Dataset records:
--

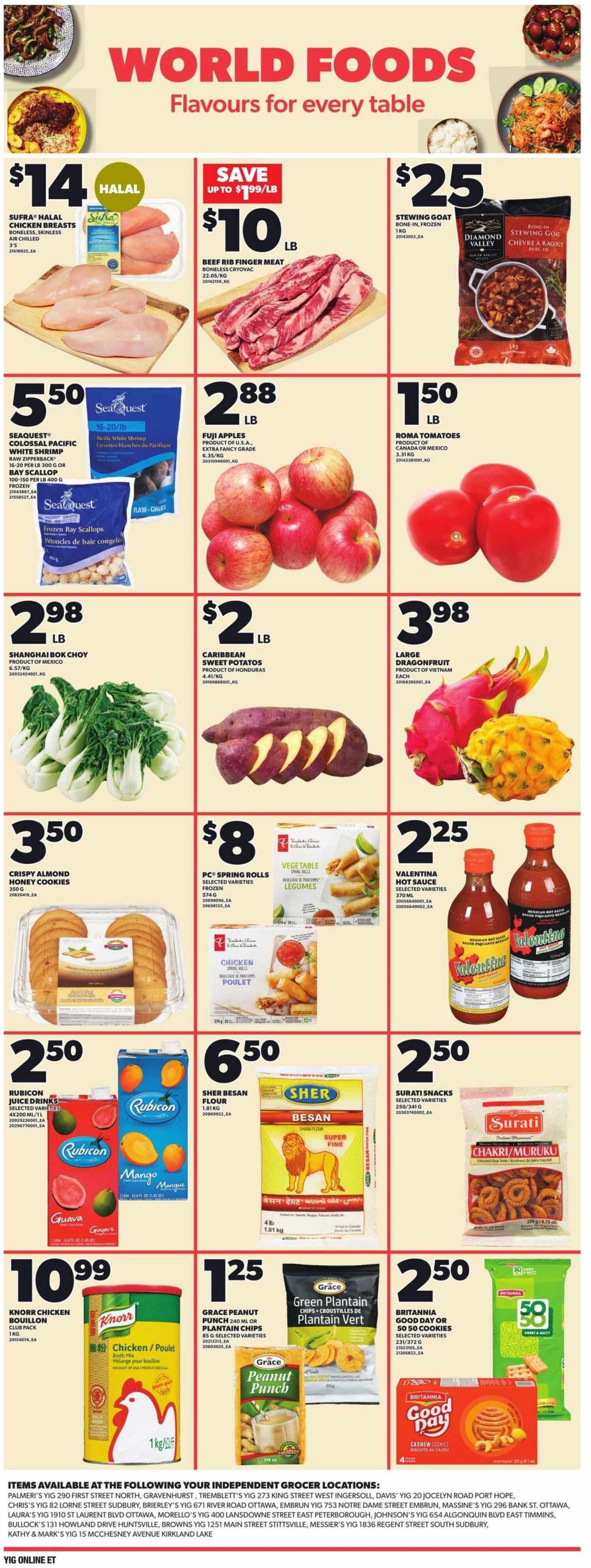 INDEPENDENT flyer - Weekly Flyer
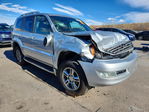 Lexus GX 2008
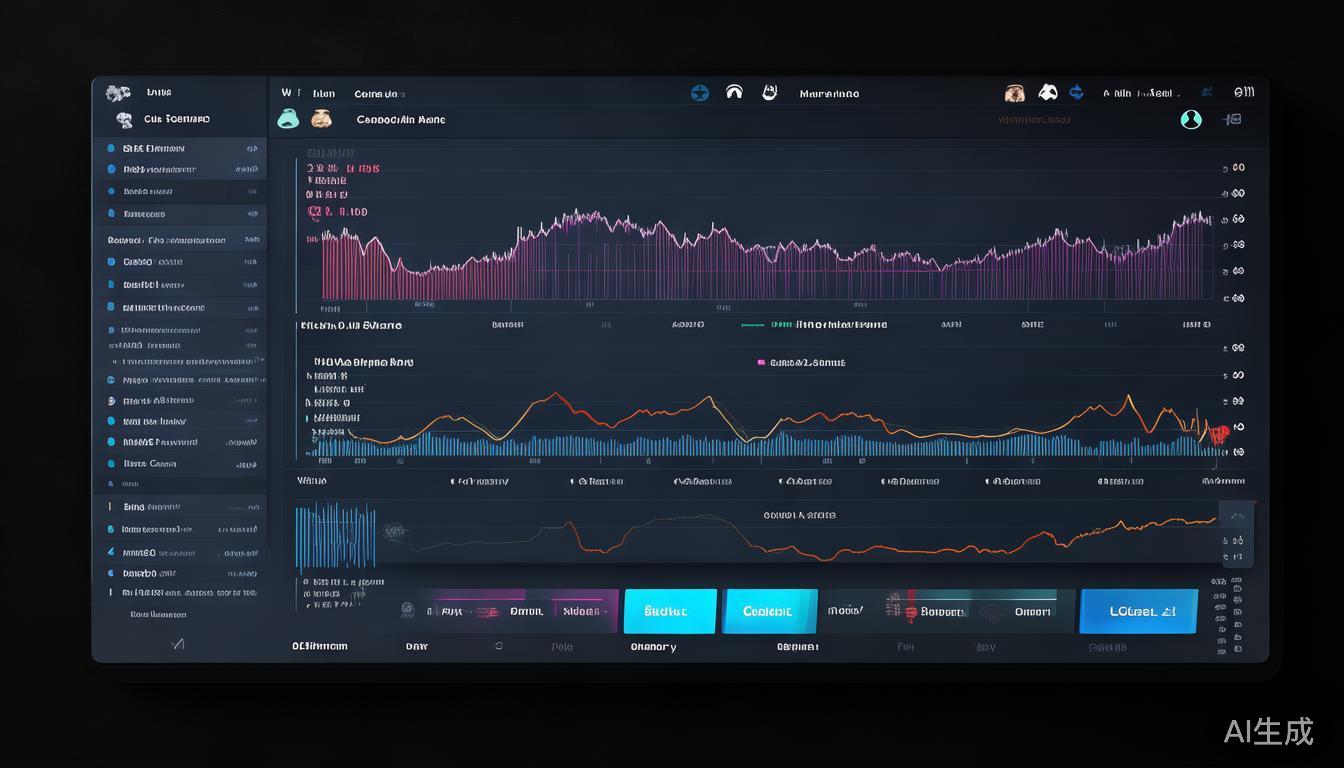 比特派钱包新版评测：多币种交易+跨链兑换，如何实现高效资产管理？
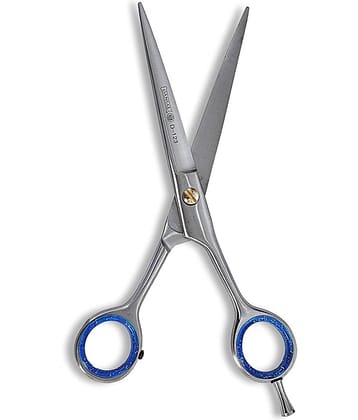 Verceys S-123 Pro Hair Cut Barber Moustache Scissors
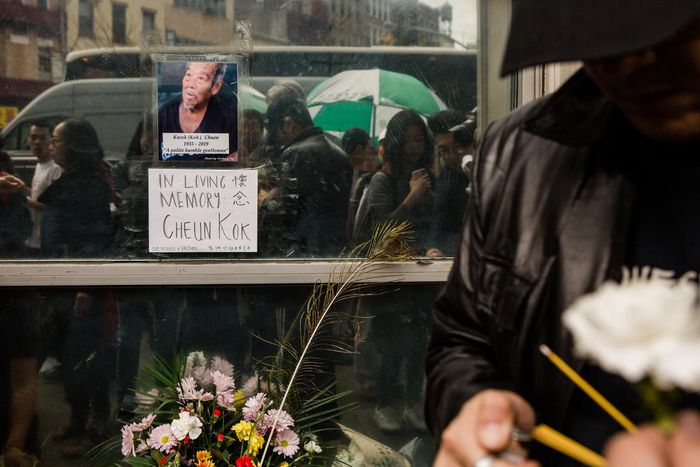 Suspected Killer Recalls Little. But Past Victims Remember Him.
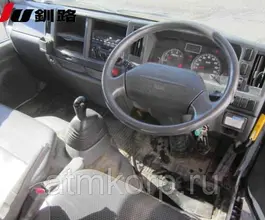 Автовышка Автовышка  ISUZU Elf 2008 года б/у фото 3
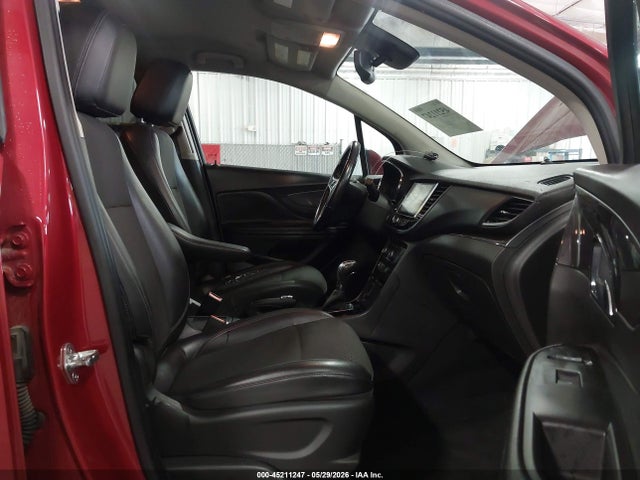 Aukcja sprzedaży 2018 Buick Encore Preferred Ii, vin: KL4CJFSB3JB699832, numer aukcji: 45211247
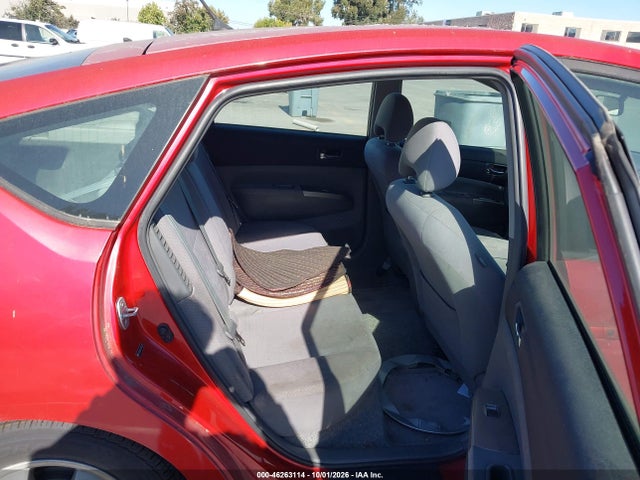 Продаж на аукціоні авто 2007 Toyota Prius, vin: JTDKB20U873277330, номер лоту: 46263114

--

» Exercise description
Your task is to transcribe exactly the lines from the one containing "Suspected Killer Recalls" through the final line of the entries above, pictures excluded.

» Response below
 Suspected Killer Recalls Little. But Past Victims Remember Him.
 Автовышка Автовышка  ISUZU Elf 2008 года б/у фото 3
 Aukcja sprzedaży 2018 Buick Encore Preferred Ii, vin: KL4CJFSB3JB699832, numer aukcji: 45211247
 Продаж на аукціоні авто 2007 Toyota Prius, vin: JTDKB20U873277330, номер лоту: 46263114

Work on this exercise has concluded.